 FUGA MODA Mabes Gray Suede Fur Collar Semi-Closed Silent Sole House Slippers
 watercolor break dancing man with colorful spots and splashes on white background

※ ※ ※

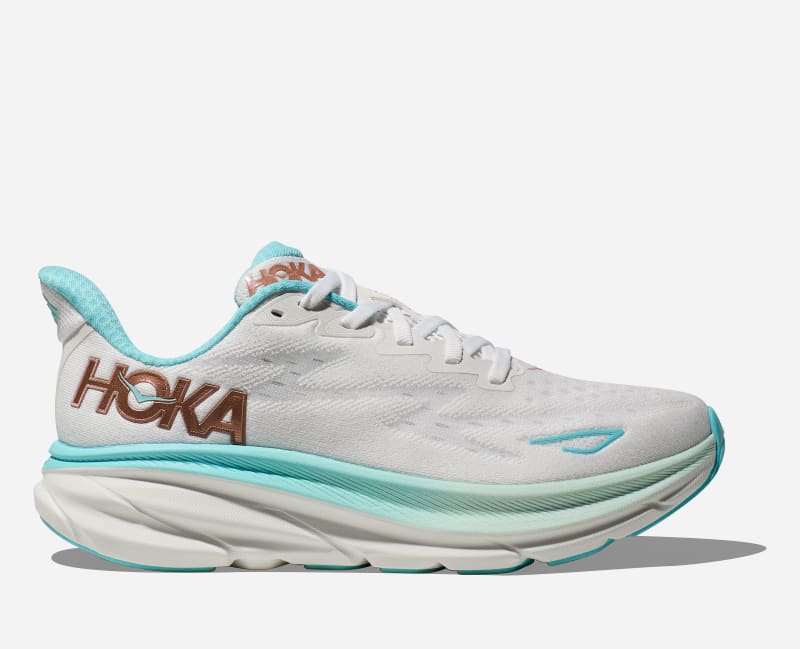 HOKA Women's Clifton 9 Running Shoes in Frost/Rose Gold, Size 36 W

※ ※ ※

◆ Exercise instructions ◆
Please copy, exactly and with nothing else, the lines above beginning at the line that has "FUGA MODA Mabes" and ending with the line that has "watercolor break dancing".

◆ Solution for this exercise ◆
 FUGA MODA Mabes Gray Suede Fur Collar Semi-Closed Silent Sole House Slippers
 watercolor break dancing man with colorful spots and splashes on white background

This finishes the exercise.